The problem is that we are trying to linearize the unlinearizable. Code, especially Forth code, is more of a tree. We read and write code linearly - a function consists of a bunch of tokens, and think of it as an ordered sequence. But the threaded code is executed as a depth-first tree walk, down into definitions until the bottom CODE, then up and down again, until the entire tree is walked. It's kind of awe-inspiring to visualize execution.
So, whether IF jumps over some code or jumps sideways to some code somewhere else makes little difference. This opens the door for if's clauses to be elsewhere as anonymous subroutines, os as Slava of Factor calls them, quotations.
Quotations in Factor are anonymous subroutines, compiled in-place but not executed until something like IF chooses to.
In Factor, you would say
10 3 < [ "Math is broken" print ] [ "Math is good" print ] if
Roughly equivalent of Lisp's
(if (< 10 3) (print "Math is broken") (print "Math is good"))
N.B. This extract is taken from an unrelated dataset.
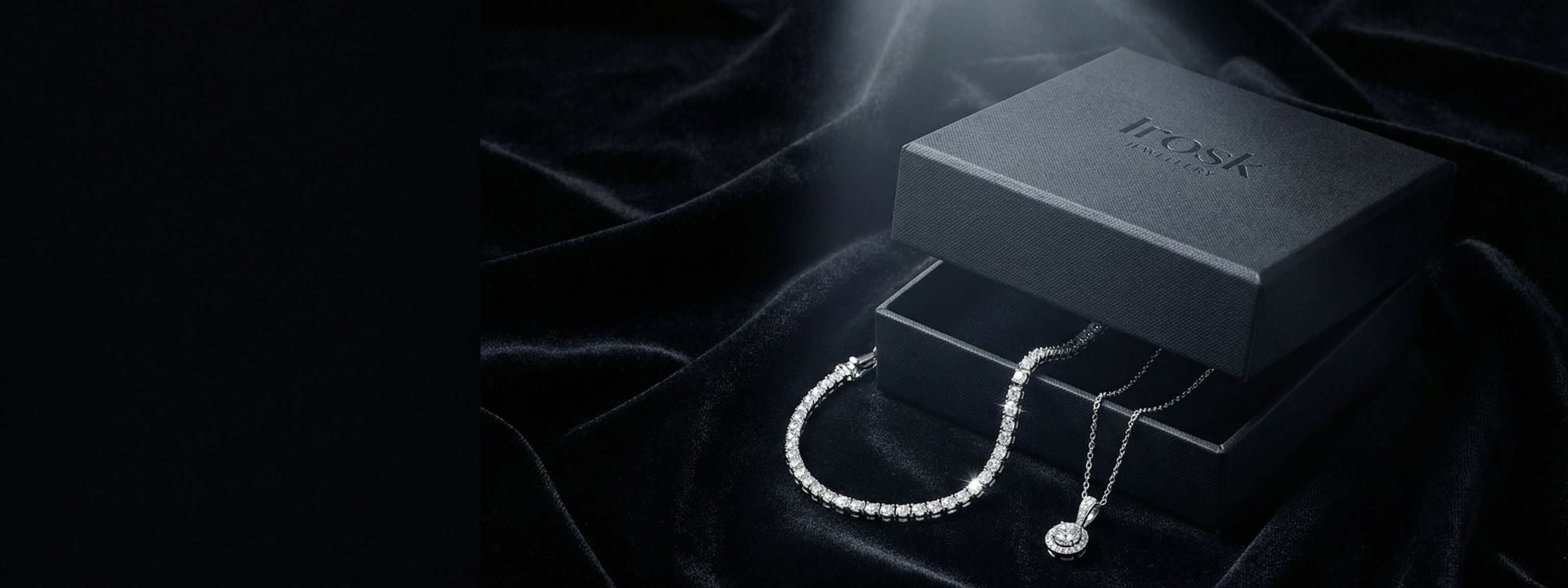 Pearl necklace on a branded jewelry box with a dark background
This seem pretty good, and works just the way I like in terms of the codestream matching your expectations of source. And it's very Forthy: a quotation leaves an address on the stack, and IF can choose to execute it or not.
In practical terms, a straightforward implementation of inlining yet-unexecuted quotations requires a jump over the quotation that follows, but it can be made explicit by a <quotation><size>.... tokens, and perhaps even and <end-quotation> token which is never executed or perhaps is equivalent to a return.
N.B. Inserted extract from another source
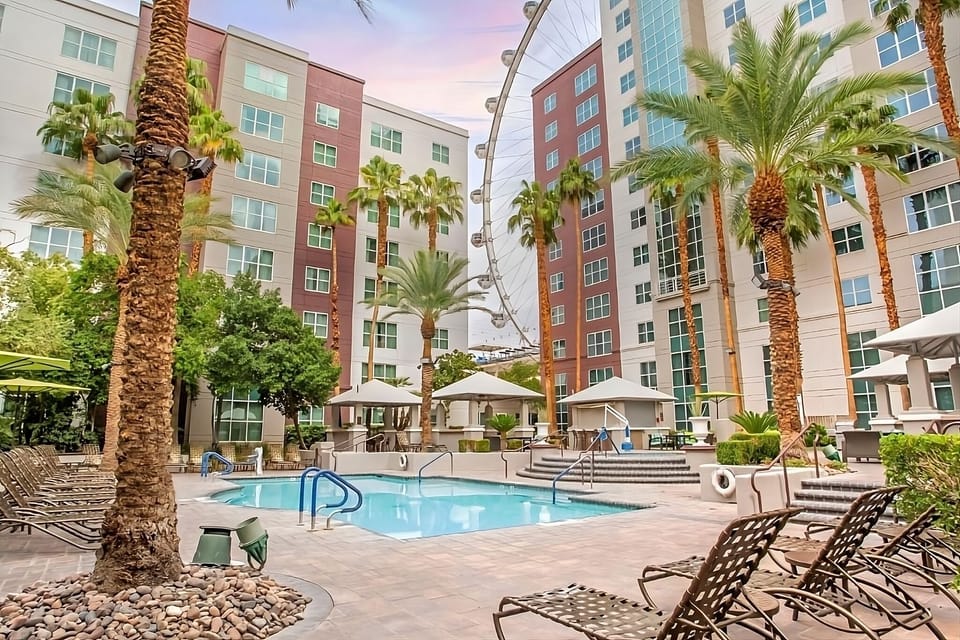 Unwind poolside beneath palm trees and warm sunset skies.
Another way to do that is to relocate quotations elsewhere or compile them elsewhere in the first place, and put IF in front of the two possible quotation references. My preferred syntax would be something like
10 3 < IFELSE { ." math is broken" } { ." Math is good }
Which would look like
<lit>10<lit><3><<><IFELSE><Q1><Q2>... and elsewhere, Q1 is <quotation><."> Math is broken<enquotation> and Q2 is <quotation><."> Math is good<endquotation>
Note the use of IFELSE which takes two quotations, and IF which takes one: this is required since unlike Lisp we do not know where expressions end... I also like curly braces, leaving [ and ] to be able to go into compile mode or interpretive mode at will, as Forth allows you to.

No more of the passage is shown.